> MEMORY – isi_cache_stats -v
Another great tool, and this one actually new to me ;-)
I had been fiddling with isi statistics query before,
to get some insight into OneFS caching,
but found it hard to get a clear picture.
It seems that isi_cache_stats -v prints totals since startup,
and it is even more useful when monitoring live deltas at
regular intervals like 5s: isi_cache_stats -v 5
The one-line form appears more compact, but I don't get
the meaning of the actual numbers (after the first line with the totals):
Totals l1_data: r 3.1T 6% p 34T 73%, l1_meta: r 113T 98% p 70G 51%, l2_data: r 23T 13% p 117T 74%, l2_meta: r 13T 68% p 4.6T 99%
13/08/13 18:19:39 l1_data: r 4.7M 8% p 41M 78%, l1_meta: r 365M 99% p 48K 40%, l2_data: r 86M 54% p 70M 96%, l2_meta: r 3.1M 29% p 24K 100%
13/08/13 18:19:44 l1_data: r 5M 8% p 41M 79%, l1_meta: r 328M 99% p 96K 100%, l2_data: r 80M 56% p 60M 94%, l2_meta: r 2.2M 24% p 16K 100%
So l1_meta: r 365M in the second row would mean level1 reads, but I don't think we have 365M of those...

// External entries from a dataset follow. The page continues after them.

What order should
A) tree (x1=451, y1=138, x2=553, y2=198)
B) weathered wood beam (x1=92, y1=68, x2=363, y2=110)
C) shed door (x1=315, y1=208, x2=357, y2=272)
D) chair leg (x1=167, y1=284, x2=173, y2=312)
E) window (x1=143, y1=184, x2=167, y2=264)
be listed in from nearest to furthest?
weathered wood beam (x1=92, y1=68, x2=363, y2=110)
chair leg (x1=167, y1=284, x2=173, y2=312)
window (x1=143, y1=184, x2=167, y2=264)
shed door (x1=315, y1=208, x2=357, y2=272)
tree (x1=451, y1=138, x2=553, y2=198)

(isi statistics pstat says: 12521.38/s NFS3-Ops, and 15930.80/s disk IOPS at this time.)
Can you explain how to read these numbers? (All numbers in isi_cache_stats -v 5 appear reasonable.)
But the real questions are of course about the OneFS caching in general.

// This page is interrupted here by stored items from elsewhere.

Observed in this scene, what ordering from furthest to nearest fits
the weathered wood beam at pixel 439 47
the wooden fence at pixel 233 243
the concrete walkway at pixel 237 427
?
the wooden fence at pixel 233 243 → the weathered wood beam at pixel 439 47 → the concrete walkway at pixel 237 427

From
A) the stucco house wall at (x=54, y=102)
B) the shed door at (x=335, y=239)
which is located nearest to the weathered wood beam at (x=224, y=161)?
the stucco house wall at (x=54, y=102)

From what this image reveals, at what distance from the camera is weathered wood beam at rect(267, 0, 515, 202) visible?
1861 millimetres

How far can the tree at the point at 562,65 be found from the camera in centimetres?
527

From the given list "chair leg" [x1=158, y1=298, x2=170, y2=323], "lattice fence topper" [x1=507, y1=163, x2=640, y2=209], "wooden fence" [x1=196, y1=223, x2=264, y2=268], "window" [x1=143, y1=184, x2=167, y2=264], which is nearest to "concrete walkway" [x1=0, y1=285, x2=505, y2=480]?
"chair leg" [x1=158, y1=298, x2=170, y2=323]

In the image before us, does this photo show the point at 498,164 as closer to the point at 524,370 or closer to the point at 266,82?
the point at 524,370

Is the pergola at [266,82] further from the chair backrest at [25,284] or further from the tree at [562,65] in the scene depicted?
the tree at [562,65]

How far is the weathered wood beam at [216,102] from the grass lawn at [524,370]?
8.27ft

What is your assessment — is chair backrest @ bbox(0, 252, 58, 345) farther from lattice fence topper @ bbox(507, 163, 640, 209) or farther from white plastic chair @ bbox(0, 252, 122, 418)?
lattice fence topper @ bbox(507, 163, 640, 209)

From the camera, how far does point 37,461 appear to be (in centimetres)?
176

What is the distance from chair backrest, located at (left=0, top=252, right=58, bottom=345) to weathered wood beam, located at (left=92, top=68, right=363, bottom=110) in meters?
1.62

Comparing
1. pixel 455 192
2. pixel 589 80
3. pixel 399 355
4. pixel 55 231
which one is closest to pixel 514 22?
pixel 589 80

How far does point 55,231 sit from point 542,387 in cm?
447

How can one see the cache usage for certain traffic (by user, client, operation/event, path,...)?
How is cache memory allocated or prioritized to Level 1/2 and data/metadata (four combinations)?

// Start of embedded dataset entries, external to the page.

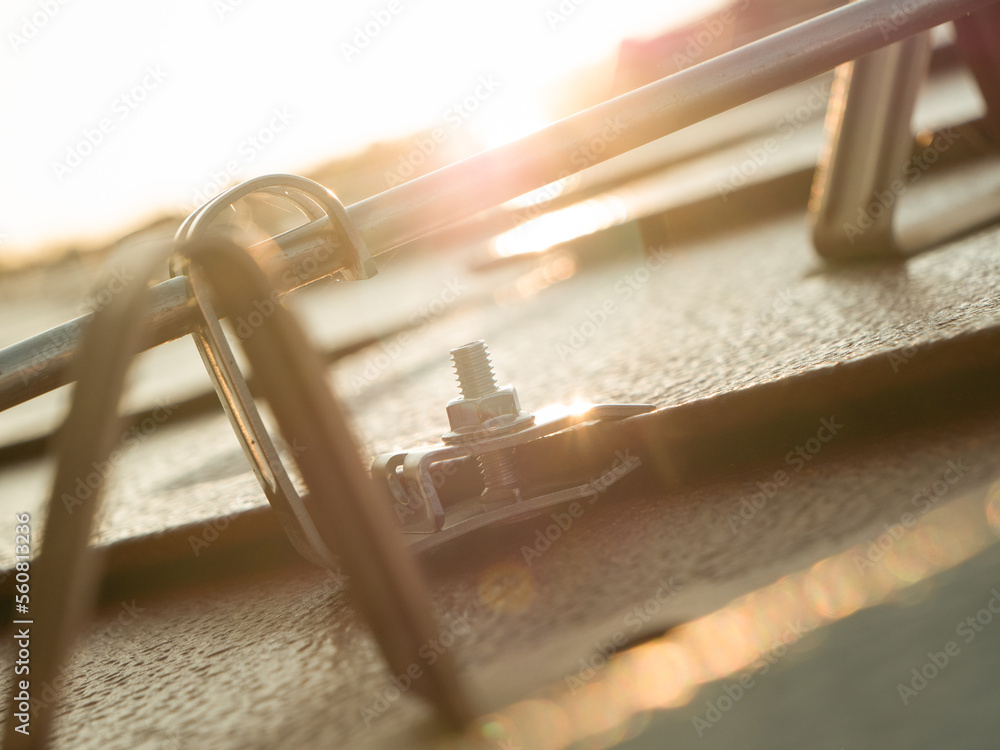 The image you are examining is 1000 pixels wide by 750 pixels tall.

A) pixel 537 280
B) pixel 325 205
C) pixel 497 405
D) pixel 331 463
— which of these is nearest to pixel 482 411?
pixel 497 405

Could one check the cache ages separately for these four cache sections?
(similar to isi statistics query -snode.ifs.cache.oldest_page_age)
I ask this because we find that often large data transfers mainly
fill the cache without much benefit (only few % data hits later).
The node.ifs.cache.oldest_page_age goes down to 1 minute in such situations;
and it seems that this number also applies to the metadata cache.
I'd rather prefer to assign more memory to the metadata cache
(in the absence of SSD for metadata) to allow the metadata content
to last for 30 minutes or more, while the data cache is short anyway.
Does this make sense to you?